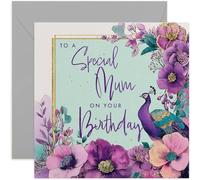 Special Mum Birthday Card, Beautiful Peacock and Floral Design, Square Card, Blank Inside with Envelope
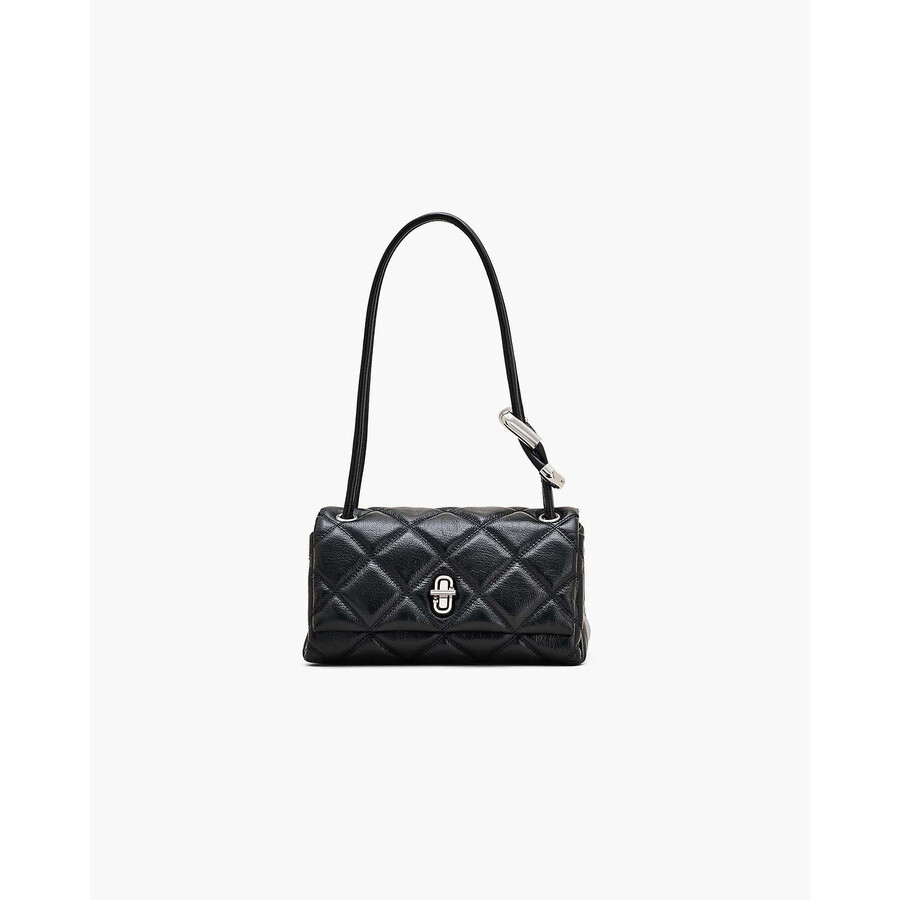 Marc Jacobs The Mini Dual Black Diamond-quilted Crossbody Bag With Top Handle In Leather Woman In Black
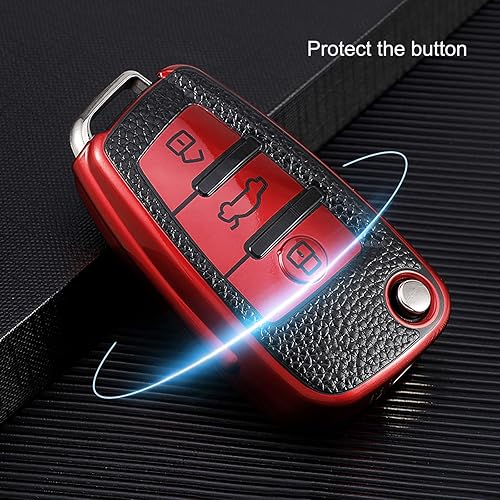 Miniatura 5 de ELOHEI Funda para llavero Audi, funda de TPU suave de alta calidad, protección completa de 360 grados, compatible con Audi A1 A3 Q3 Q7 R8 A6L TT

▬▬▬▬▬▬▬▬▬▬

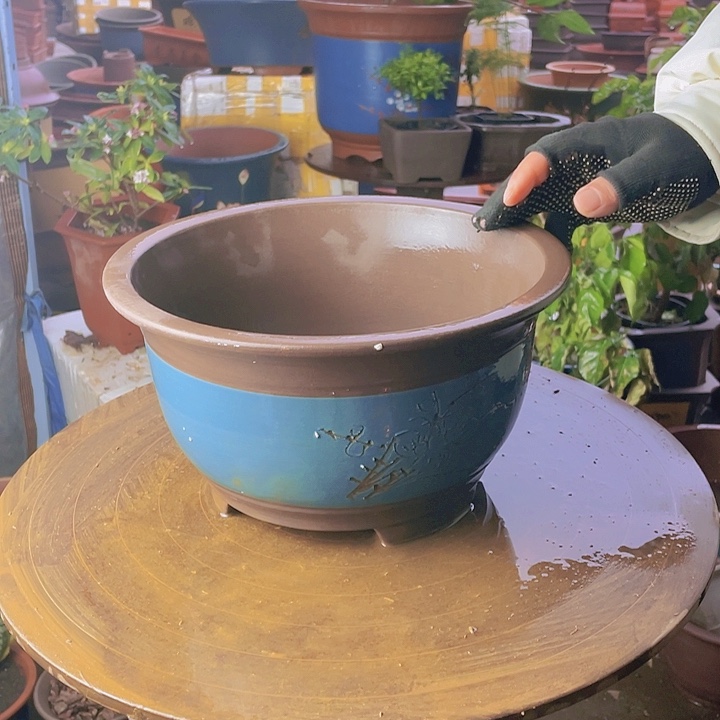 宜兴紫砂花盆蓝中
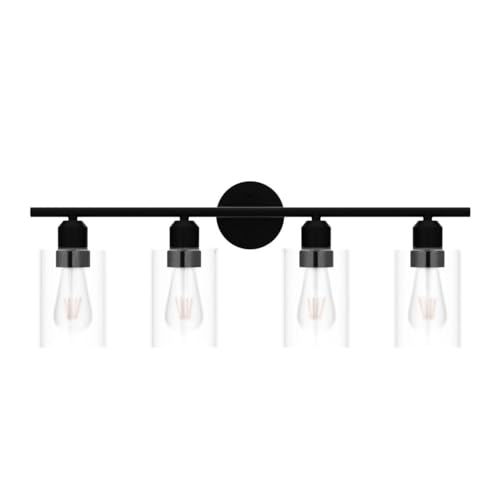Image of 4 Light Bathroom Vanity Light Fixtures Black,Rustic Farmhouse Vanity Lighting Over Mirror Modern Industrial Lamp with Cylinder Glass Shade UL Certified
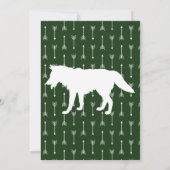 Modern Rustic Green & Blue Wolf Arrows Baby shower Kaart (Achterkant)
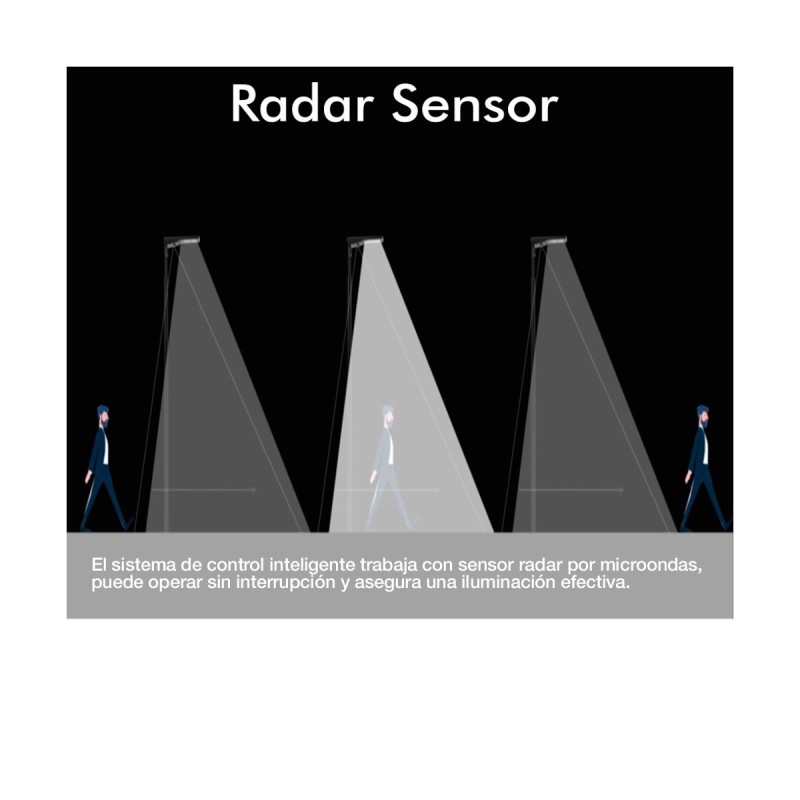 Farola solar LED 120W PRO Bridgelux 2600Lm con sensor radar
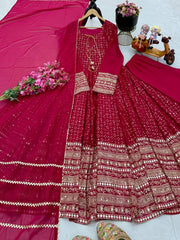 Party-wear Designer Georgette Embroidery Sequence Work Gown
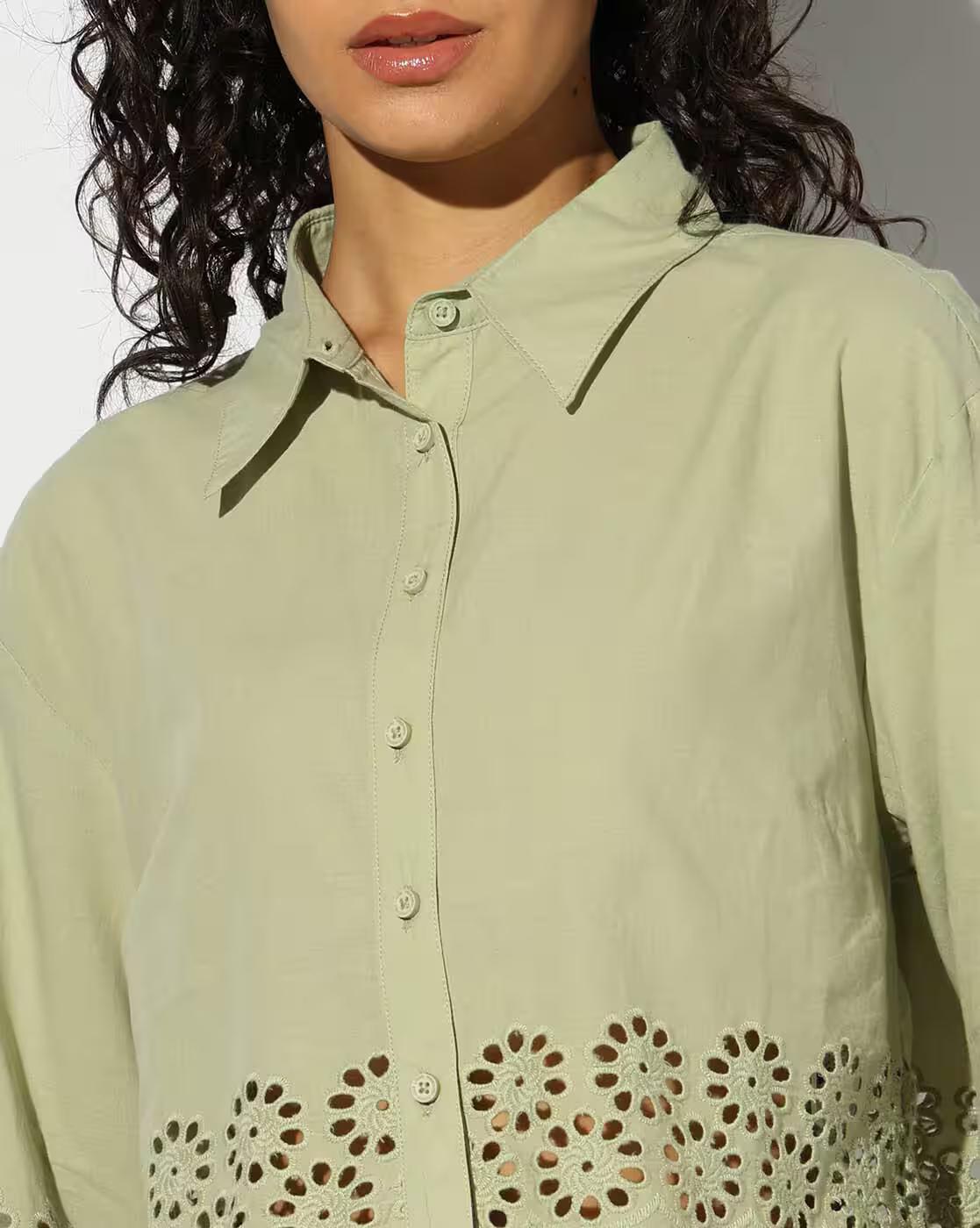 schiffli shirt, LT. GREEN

▬▬▬▬▬▬▬▬▬▬

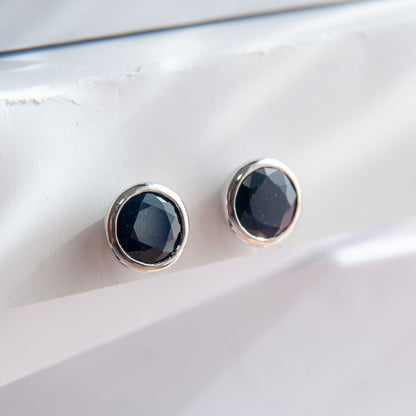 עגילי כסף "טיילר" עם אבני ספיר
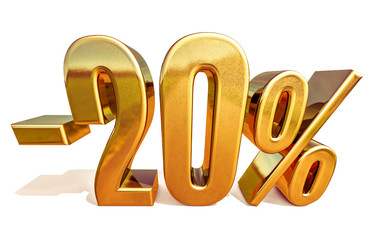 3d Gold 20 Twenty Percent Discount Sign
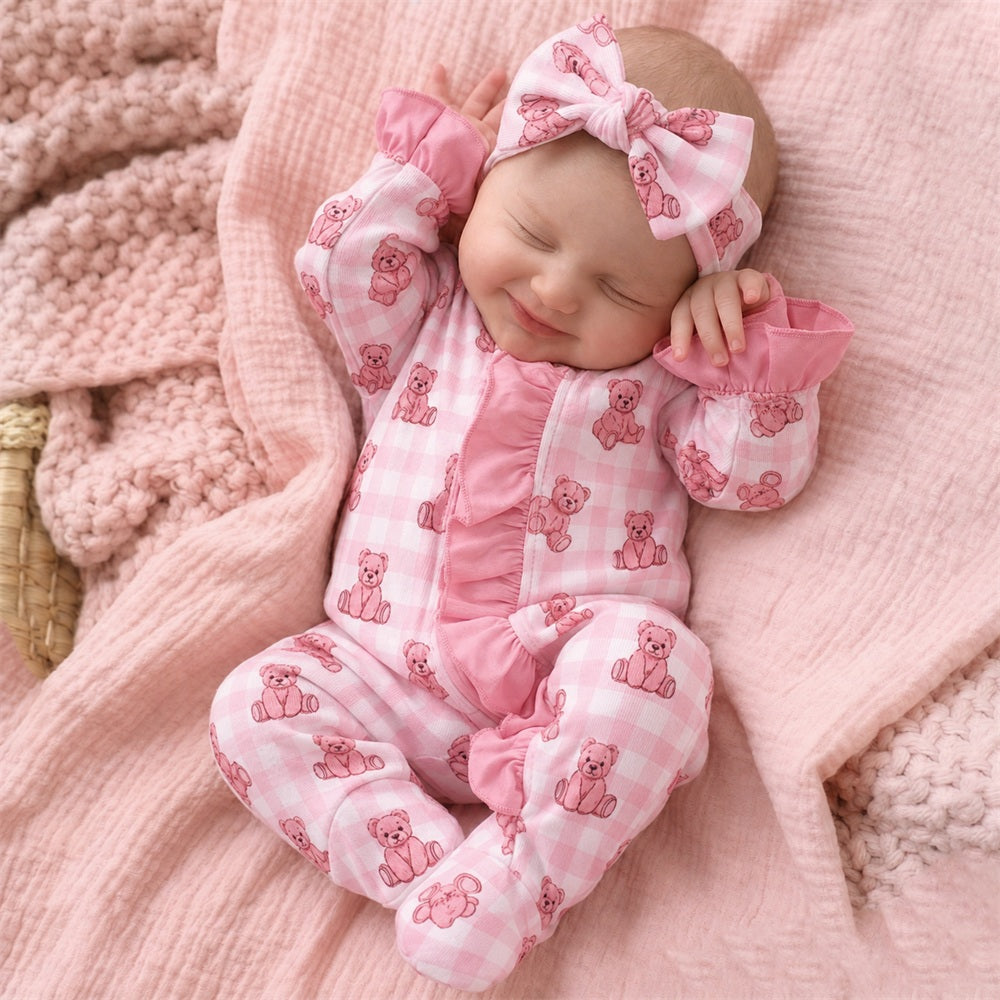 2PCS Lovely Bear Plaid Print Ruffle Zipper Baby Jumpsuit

▬▬▬▬▬▬▬▬▬▬

Copy the lines above exactly, starting with the line that contains "Special Mum Birthday" and ending with the line that contains "Marc Jacobs The", and leave out any pictures.

Result
 Special Mum Birthday Card, Beautiful Peacock and Floral Design, Square Card, Blank Inside with Envelope
 Marc Jacobs The Mini Dual Black Diamond-quilted Crossbody Bag With Top Handle In Leather Woman In Black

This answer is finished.